2001 gründeten einige der Rotterdamer Forscher das Start-up Biosynthema und registrierten das Präparat als Orphan Drug. Seit 2008 hat es den Orphan-Drug-Status. 2010 jedoch kaufte das französische Pharma-Unternehmen Advanced Accelerator Applications (AAA) Biosynthema für 10,7 Millionen Euro, um das Medikament unter dem Namen Lutathera weiterzuentwickeln. AAA steckte 40 Millionen in Forschung & Entwicklung und wurde belohnt: Im September 2017 gab die EMA grünes Licht für die Marktzulassung (bis dahin wurde es in Unikliniken unlizensiert verabreicht). Die Marktzulassung wiederum weckte das Interesse des Schweizer Pharma-Giganten Novartis. Ein von der EMA (und FDA) zugelassenes Orphan-Arzneimittel mit jahrelangen exklusiven Vermarktungsrechten war den Schweizern 3,3 Milliarden Euro für alle AAA-Aktien wert.

Therapiekosten verfünffacht

Anschließend kam man in Basel jedoch nicht umhin, den Preis des Medikaments etwas „anzupassen“ – was besonders die Niederländer zu spüren bekamen. Statt der 16.000 Euro pro Therapie soll nun bereits eine Infusion 23.000 Euro kosten. Begründung: das Unternehmen stelle das Präparat unter weitaus strengeren Produktionsbedingungen her und könne es auch viel mehr Zentren in Europa und den USA anbieten. „Der Preis von Lutathera wurde gründlich überdacht und basiert auf dem Nutzen, den die Behandlung den Patienten, dem Gesundheitssystem und der Gesellschaft insgesamt bringt“, heißt es fast heroisch in einem Novartis-Statement an FiercePharma.

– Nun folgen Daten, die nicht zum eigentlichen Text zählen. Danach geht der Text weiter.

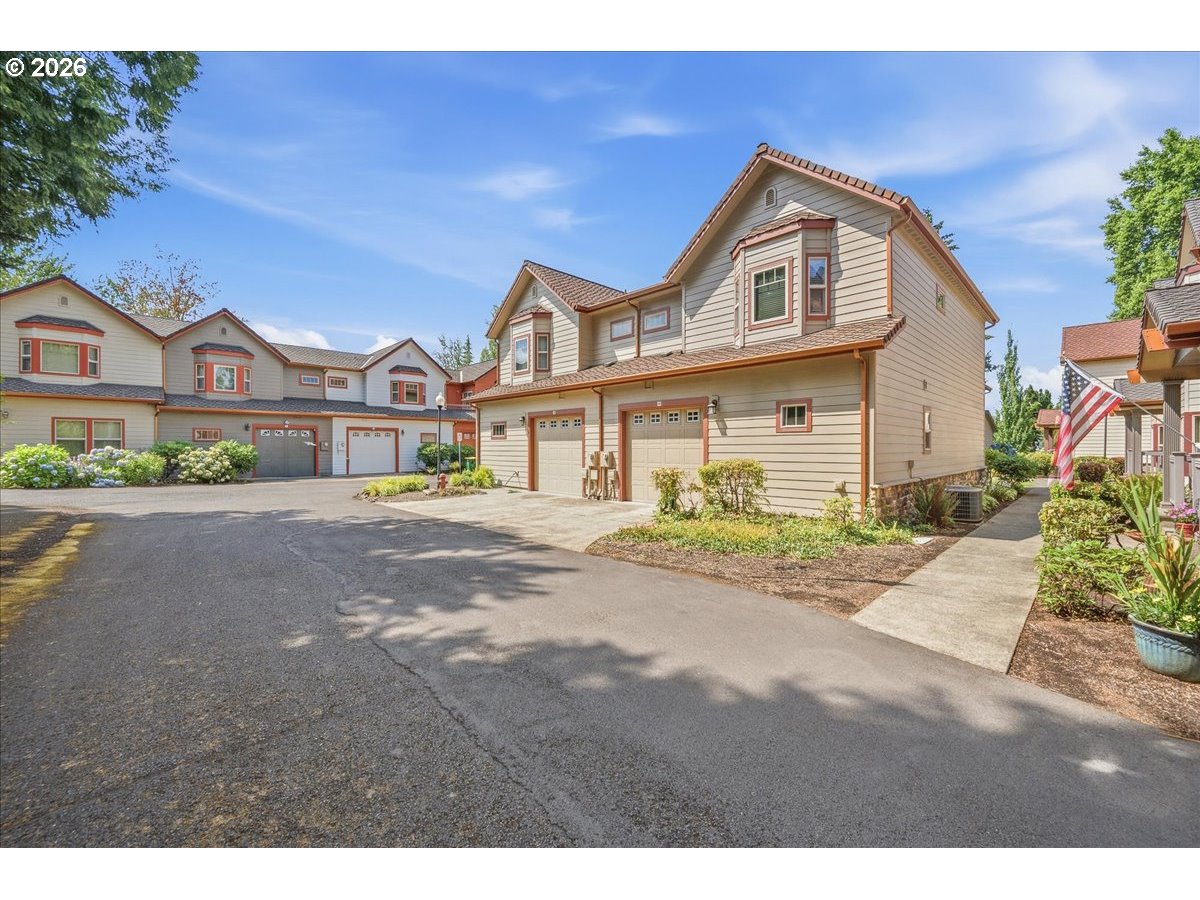2025 ELM ST 4A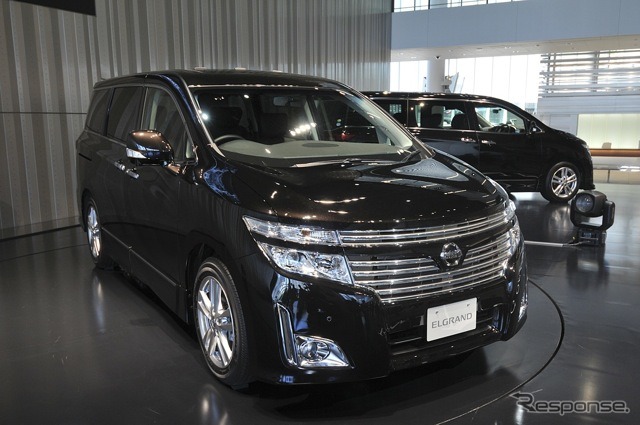日産エルグランド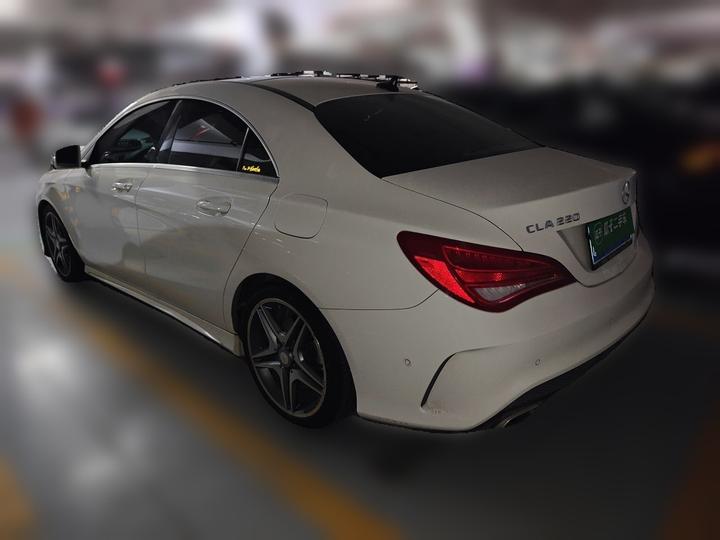 CLA 2016 CLA 220 4MATIC photo 4
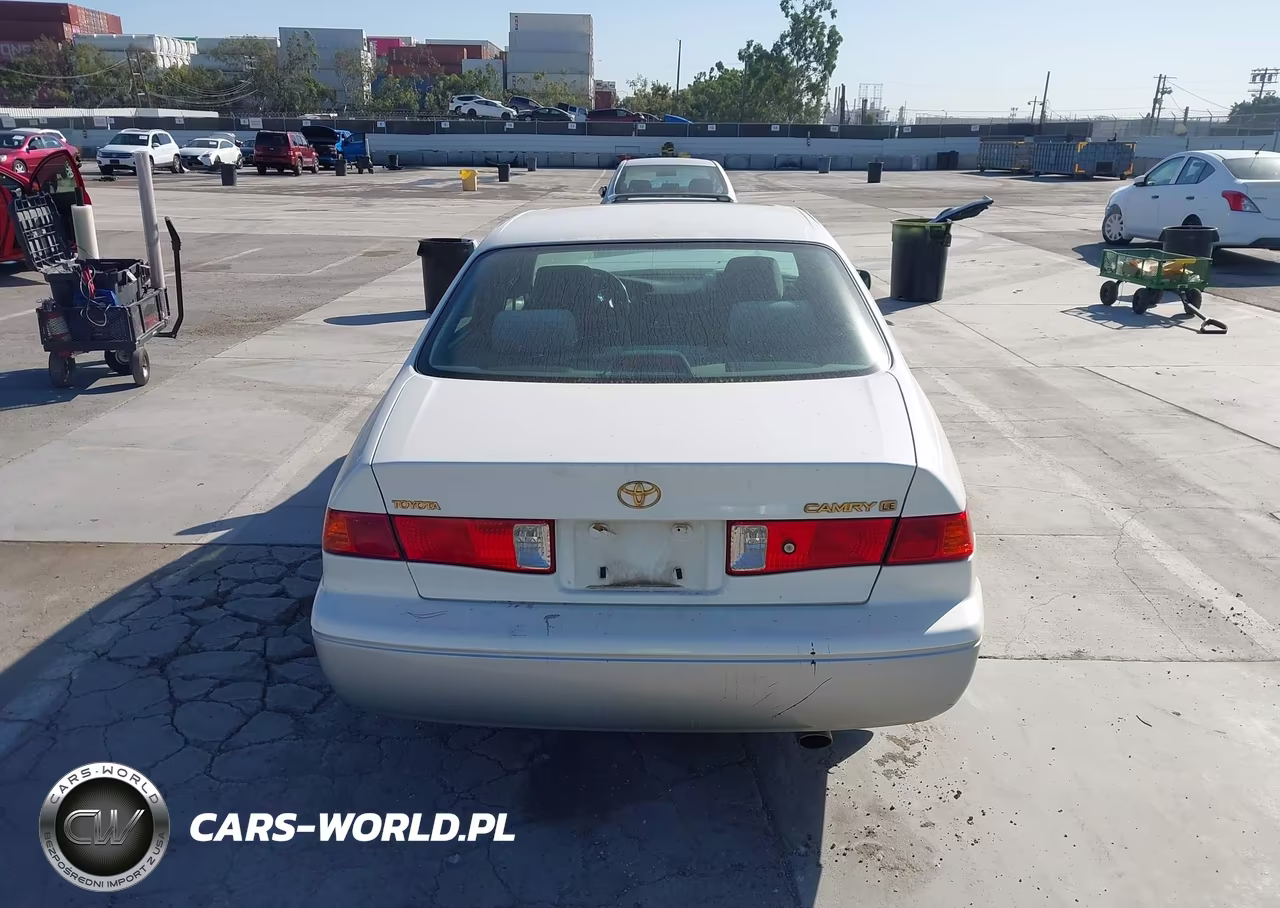 2001 Toyota Camry Le VIN:JT2BG22K410589692 - 16
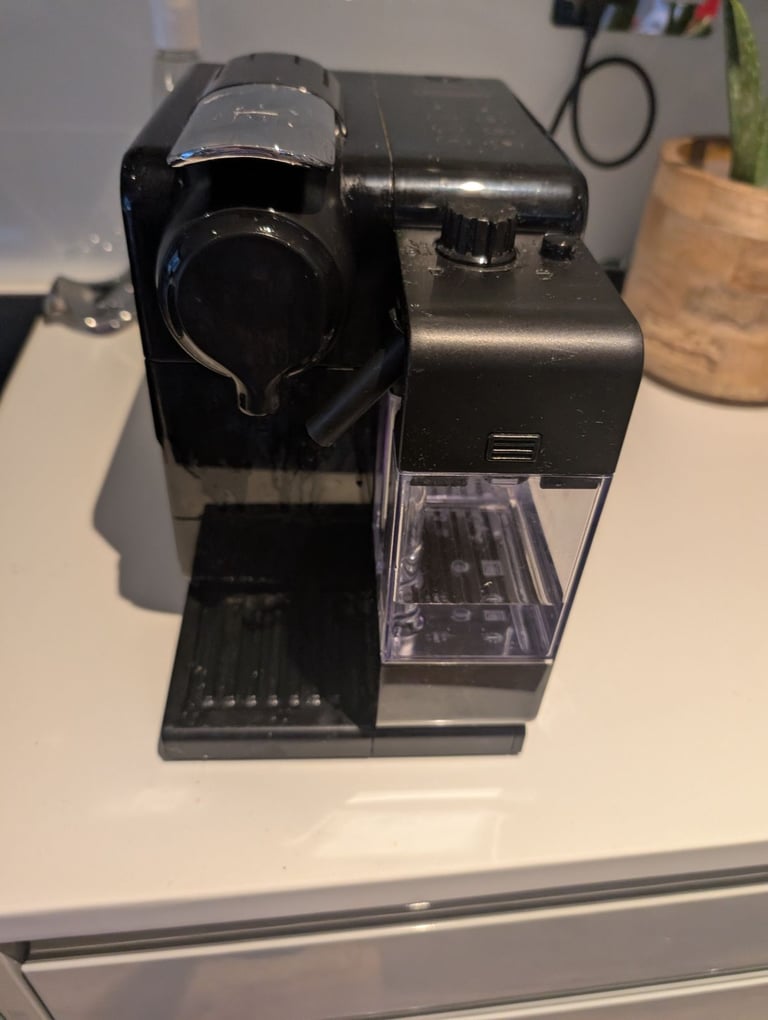 image for Delonghi Nespresso coffee machine - not working, parts only 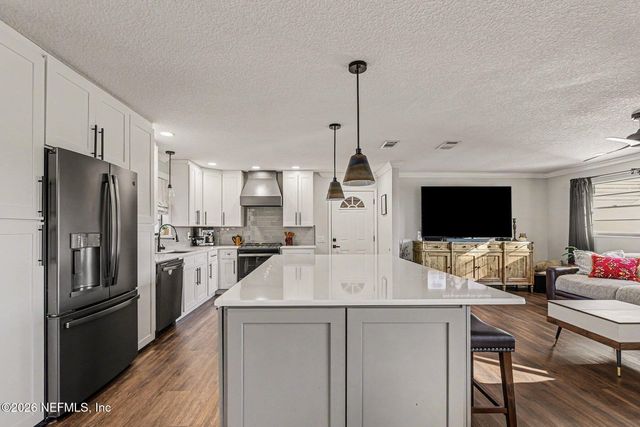 4279 BARBER BROS Circle, Macclenny, FL 32063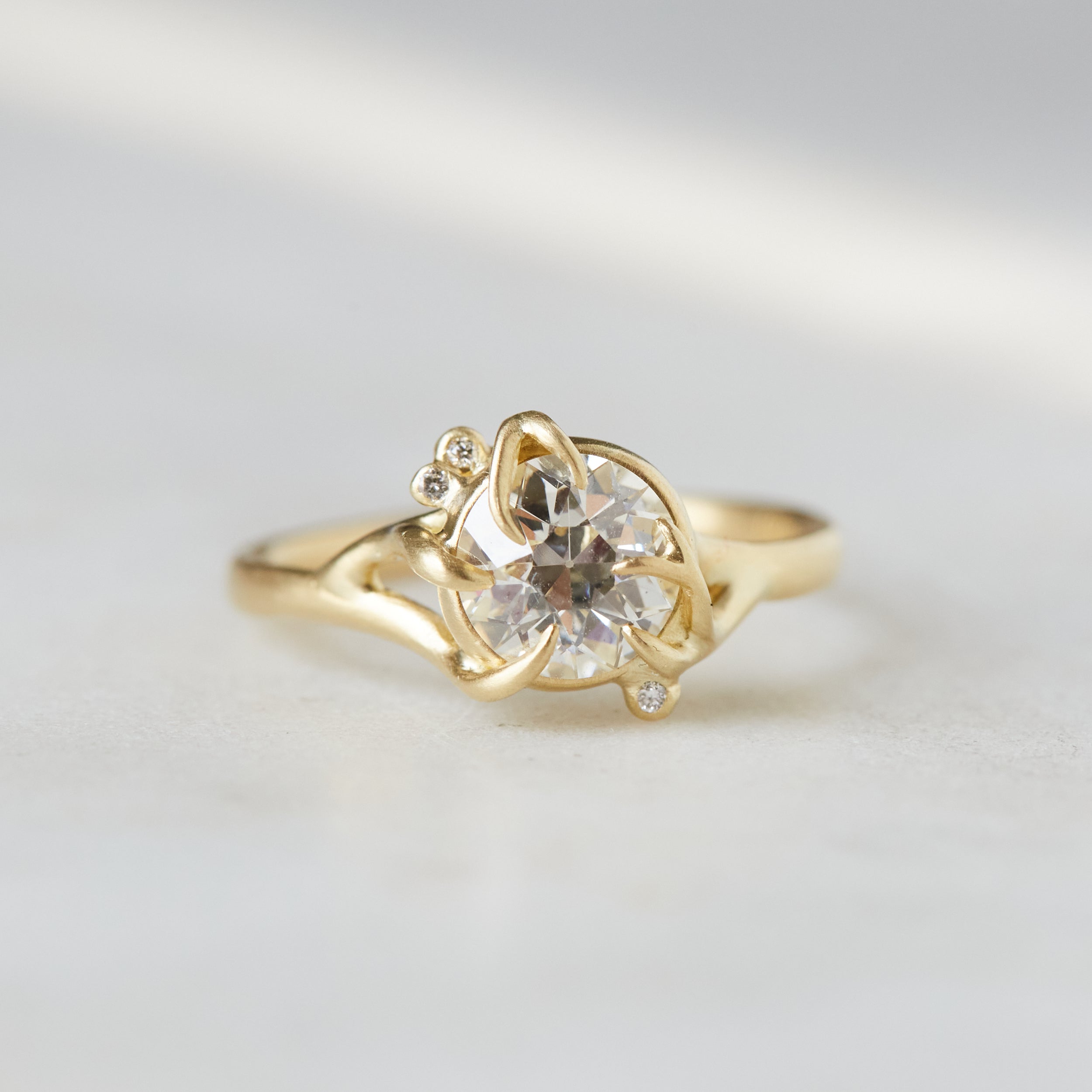 Columba Diamond Branch Waiting Ring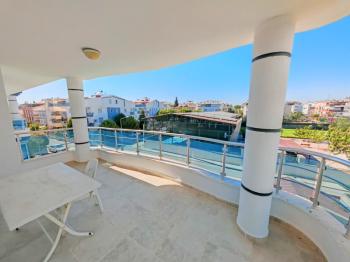 Altınkum Karakış Sitesinde Satılık 4+1 Apartman Dubleksi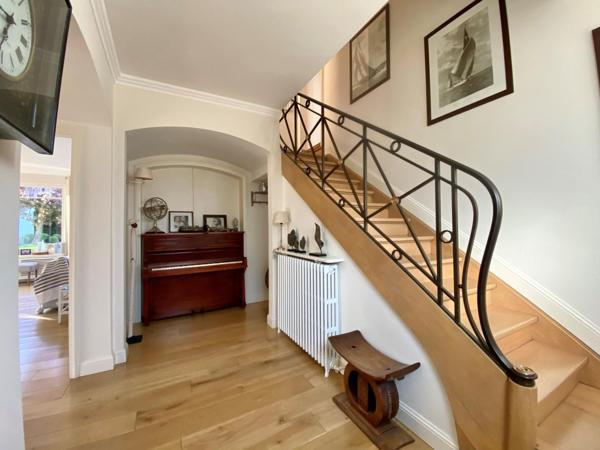 Belle demeure de 220 m² habitables, dans l'une des rues les plus prisées de la ville de croix.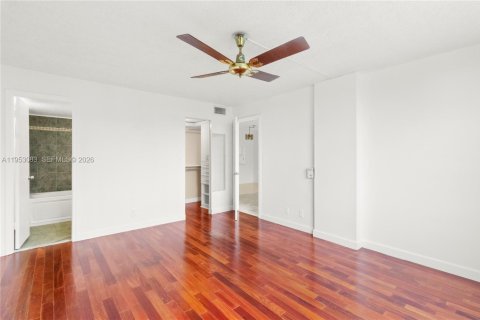 Купить кондоминиум в Окленд-Парк, Флорида 2 спальни, 90.58м2, № 2009312 - фото 12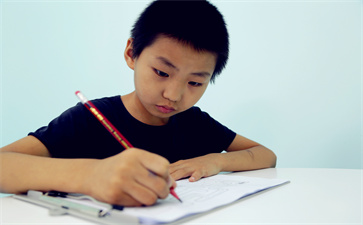 小孩注意力不集中愛發(fā)呆怎么回事？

Apropos Präparat-Produktion. Weltweit gibt es nur eine einzige Firma (IDB Holland), die für die Nuklearmedizin-geeignetes Lutetium herstellt. 2016 hatte AAA die gesamte IDB-Gruppe für rund 30 Millionen Euro gekauft. Nach der AAA-Übernahme sind praktischer­weise nun auch Teile der Rohstoff-Quellen für das Radiopharmakon fest in den Händen von Novartis. Der Bedarf (und damit der Preis?) wird wohl demnächst ansteigen, wenn ein weiteres Lutetium-haltiges Präparat (Lutetium-PSMA bei Prostata-Krebs) auf den Markt kommt. Dieses und die dazugehörige Firma Endocyte haben sich die Schweizer erst im Oktober für weitere 1,9 Milliarden Euro zugelegt. IDB hat jedoch laut Nederlands Tijdschrift voor Geneeskunde zumindest den holländischen Krankenhaus-Apotheken, die das Präparat auch weiterhin produzieren dürfen, versprochen, den bisherigen Preis beizubehalten. Vorerst.

In Basel versteht man die Aufregung und Empörung der Niederländer nicht so ganz. Der Preis sei gerechtfertigt. Die Weltgesund­heitsorganisation sieht das möglicherweise anders. In einem aktuellen Bericht des Generaldirektors über die Preisbildung von insbesondere Krebsmedikamenten heißt es: „Pharmazeutische Unternehmen setzen Preise aufgrund ihrer kommerziellen Ziele fest, mit einem Fokus darauf, den maximalen Wert herauszuziehen, den ein Käufer bereit ist, für ein Medikament zu zahlen. Diese Art der Preisgestaltung führt oft dazu, dass Krebsmedikamente unbezahlbar werden und somit der volle Nutzen der Medikamente nicht ausgeschöpft werden kann.“ Im schlimmsten Fall wären somit auch die Zuckerli der EU verschwendet.